La proposition de Mme May a été vivement rejetée par le chef de l'opposition travailliste, Jeremy Corbyn, qui l'a qualifiée de "poudre aux yeux". "Les membres de cette assemblée veulent voir des changements juridiques clairs dans le document qui leur est présenté", a-t-il exigé au cours de la séance hebdomadaire de questions à la Première ministre.

Plus tôt dans la matinée, le gouvernement a présenté de nouvelles dispositions visant à offrir un "rôle important" au parlement nord-irlandais dans le cas où le "filet de sécurité" devait entrait en vigueur. L'exécutif cherche ainsi à convaincre son allié, le parti ultra-conservateur nord-irlandais DUP, de voter en faveur de l'accord.

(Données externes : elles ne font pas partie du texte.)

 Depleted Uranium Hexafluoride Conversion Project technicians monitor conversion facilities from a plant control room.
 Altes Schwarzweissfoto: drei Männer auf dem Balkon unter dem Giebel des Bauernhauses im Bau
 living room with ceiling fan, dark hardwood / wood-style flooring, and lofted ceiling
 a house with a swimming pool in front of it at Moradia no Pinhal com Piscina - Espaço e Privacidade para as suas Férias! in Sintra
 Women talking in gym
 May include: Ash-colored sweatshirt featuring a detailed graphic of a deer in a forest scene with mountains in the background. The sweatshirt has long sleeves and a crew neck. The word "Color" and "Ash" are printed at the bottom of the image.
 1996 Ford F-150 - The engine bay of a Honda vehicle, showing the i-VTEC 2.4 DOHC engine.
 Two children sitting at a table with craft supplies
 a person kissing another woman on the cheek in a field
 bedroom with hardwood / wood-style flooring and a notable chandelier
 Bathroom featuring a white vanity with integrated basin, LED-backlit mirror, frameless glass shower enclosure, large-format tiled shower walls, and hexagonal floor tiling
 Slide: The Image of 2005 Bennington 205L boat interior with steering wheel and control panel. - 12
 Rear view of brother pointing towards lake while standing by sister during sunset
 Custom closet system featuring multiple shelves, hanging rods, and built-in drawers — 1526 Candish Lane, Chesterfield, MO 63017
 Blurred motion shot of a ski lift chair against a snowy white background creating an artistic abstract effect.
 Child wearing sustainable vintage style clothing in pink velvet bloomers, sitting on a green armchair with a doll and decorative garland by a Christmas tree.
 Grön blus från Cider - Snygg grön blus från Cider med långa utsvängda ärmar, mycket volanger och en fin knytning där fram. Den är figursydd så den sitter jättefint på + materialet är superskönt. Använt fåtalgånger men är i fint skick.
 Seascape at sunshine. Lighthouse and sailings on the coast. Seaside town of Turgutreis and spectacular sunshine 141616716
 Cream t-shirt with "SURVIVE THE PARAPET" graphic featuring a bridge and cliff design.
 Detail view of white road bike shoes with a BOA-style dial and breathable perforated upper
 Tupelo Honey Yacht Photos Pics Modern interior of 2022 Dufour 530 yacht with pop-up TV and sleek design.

Mais le député du DUP Nigel Dodds a qualifié ces mesures de "cosmétiques" et "insensées", soulignant que le traité de divorce "supplante toute disposition légale interne" au Royaume-Uni.

Face aux inquiétudes des députés, Theresa May a soutenu qu'elle obtiendrait des "assurances" et des "précisions" de la part de ses homologues européens sur le caractère "temporaire" du backstop, et ce "avant la fin du débat et le vote" sur le texte.

Même si Bruxelles martèle que l'heure n'est plus aux négociations, le Premier ministre irlandais, Leo Varadkar a assuré qu'il y avait des "contacts étroits" pour savoir "si une série supplémentaire de garanties écrites, explications et assurances pourrait faire la différence".

Côté européen, certaines sources n'excluent pas un report de la date du Brexit, prévu le 29 mars, pour éviter un divorce sans accord.